Whatever goes in T.C.’s space, it probably won’t be a Starbucks, that favored symbol of gentrification. That’s because there is already one in the building.
Back when Big Tony’s father poured the first drink in 1970, this section of the Back Bay was decidedly not a latte place. Right across the street was Penelope’s, where the wise guys hung out. Pimps and hookers worked out of the adult bookstore on the corner. Just across Mass. Ave. was the Sherry Biltmore Hotel, a favored hangout for some shady-looking dudes.
But the hotel became the main building of the Berklee College of Music, and the Back Bay — and all of downtown Boston — was slowly washed. The neighborhood bars that survived, the kind of places that served Miller High Life and Pabst Blue Ribbon before those labels were hip, became cherished symbols of authenticity, places where CEOs and criminals could sit side by side and complain about the Red Sox. But the years and the rising rents caught up with the dives and, one by one, they have disappeared. The Other Side Cafe, a Newbury Street dive just across the Mass. Pike from T.C.’s, shut its doors in April.

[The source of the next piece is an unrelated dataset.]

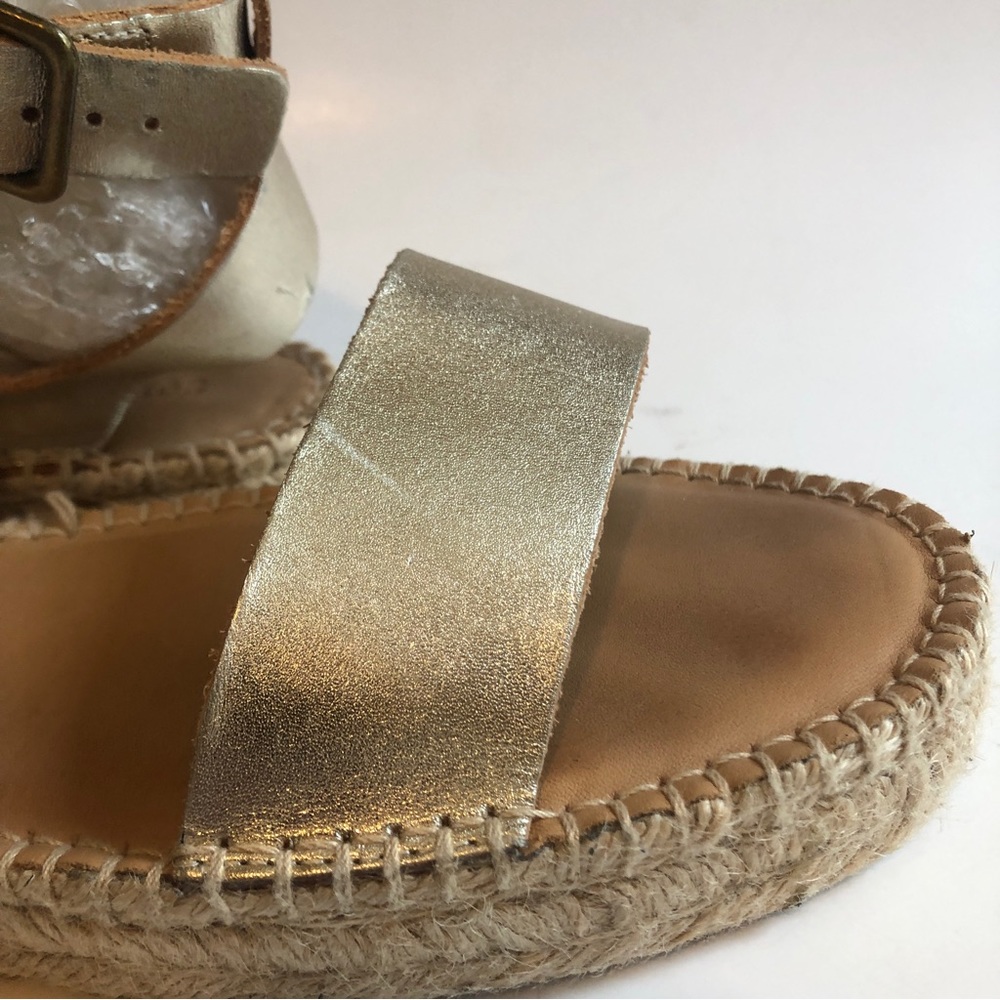 Sz 11 Soludos Cadiz Gold Metallic Platinum Strap Sandals - Picture 8 of 16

On a recent afternoon, as the Consalvis and a couple of members of the staff finished the herculean task of packing up a lifetime of clutter, they were having a hard time believing it was over.
“It’s like getting thrown out of my house,” Big Tony Consalvi, 68, said incredulously. “This is terrible. You know that feeling in your stomach when you’re going down in an elevator? That’s how I feel. I feel empty inside. The end was so shocking; a little thing turned out to be a very big thing.”
With each object he touched in the dismantling, Little Tony Consalvi was washed in memories. He is 43 and grew up in this tiny, odd-shaped place with the low ceilings and an impossible-to-navigate men’s room that seemed designed by someone who didn’t understand geometry.
Each day, people come by and ask when T.C.’s will reopen. The answer, according to the Consalvis, is that they will — they are just not sure where or when. They are looking for a new spot in the Back Bay or the Fenway and want to bring back T.C.’s because they still believe that a real neighborhood needs a real neighborhood bar.
“People have told us they’ll follow us to the ends of the earth,” Big Tony Consalvi said. “There’s always a place for a dive bar, where the average person can come in, have a beer, and let themselves go.”